Thursday, August 17, 2006

Minute Philosophy with the Coffeehouse Crowd

There is an interesting discussion of early modern coffeehouses at "Crooked Timber." I couldn't help but think of Berkeley's Alciphron, or the Minute Philosopher. The four main characters of the dialogue are Euphranor, Crito, Alciphron, and Lysicles. Alciphron and Lysicles, the freethinkers or 'strongheads' (whence Alciphron derives his name), are champions of a certain sort of coffeehouse philosophy; they advocate it, and the freethinking it involves, as the wave of the future. The two are very different; Alciphron loftily insists that atheists are more moral than Christians, while Lysicles, the hotheaded hedonist, argues that morals are for stupid people, and that it's obvious that we are all economically benefitted by vice. Throughout the work Berkeley satirizes the freethinking of the coffeehouses (with which he was very familiar from his London days with Richard Steele and Jonathan Swift), which he prefers to call 'minute philosophy'. Lysicles continually makes outrageous claims he can't defend rationally (and when called on it, insists that he doesn't have to defend them rationally); Alciphron, much more sober and philosophical in nature, is given to rather funny rhetorical outbursts in which his rhetoric overtakes his reasoning (they often begin with apostrophes like, 'O Justice! O Truth!'). Euphranor and Crito, in a sign of the excellence of Berkeley's literary skills, have very different personalities despite defending the same side -- Euphranor is consistently the simple, self-taught Platonist coming into his first contact with these odd but interesting 'strongheads', while Crito has dealt with their kind time and again, to the point of exasperation, and is always more cynical and mocking in his assessment of them.
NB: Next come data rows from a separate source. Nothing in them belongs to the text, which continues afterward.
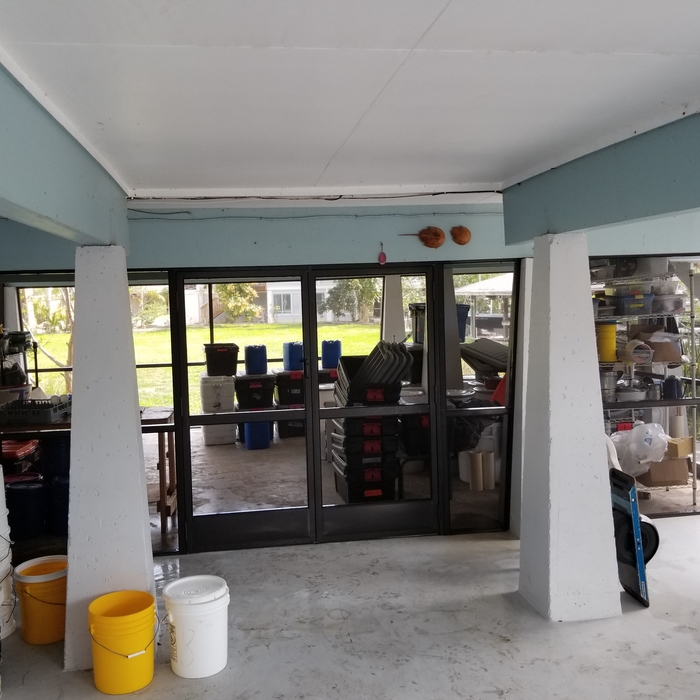 Custom double door entry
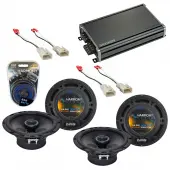 Compatible with Toyota Matrix 2003-2008 Factory Speaker Replacement Harmony (2) R65 & CXA360.4 Amp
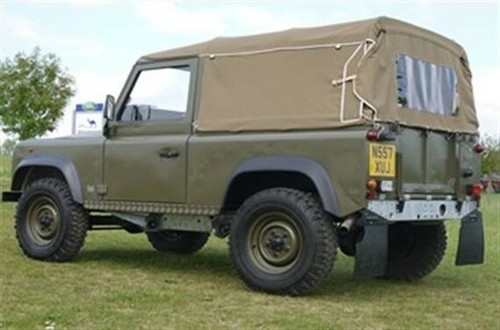 Land rover defender - land, 90hood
Throughout the dialogue, of course, the minute philosophers are outmaneuvered by Euphranor and Crito, in part because the latter see right through the coffeehouse tactic that Berkeley mocks most mercilessly: the freethinkers advocate freethinking almost entirely by demanding, without argument, that you only think one way (their way, of course).

But it's also worth noting that Berkeley's mockery of coffeehouse philosophy is based on his own experience; he heard the coffeehouse freethinkers himself, and it was this that convinced him that their written works hid a more anarchic and destructive agenda that needed to be fought. It's not that he despises coffeehouses, or even coffeehouse discussion; it's that he thinks there is a trend in which people are pontificating on matters that they've never taken the time to research or think about carefully -- the ultimate temptation of coffeehouse discourse. As a result there's a lot of quibbling over minute details, a lot of rhetorical bombast posing as argument, and more concern for being clever than for finding the truth. It's this that he can't stand about the minute philosophy he found among the coffeehouse crowd. So we should perhaps avoid taking an either/or position here. It's not that coffeehouses were wondrous marvels of sophisticated rational discourse; nor is it that they were simply useless gossip mills filled with vulgarity and bombastic punditry. Here, as always, the danger is in not trying to find the happy medium.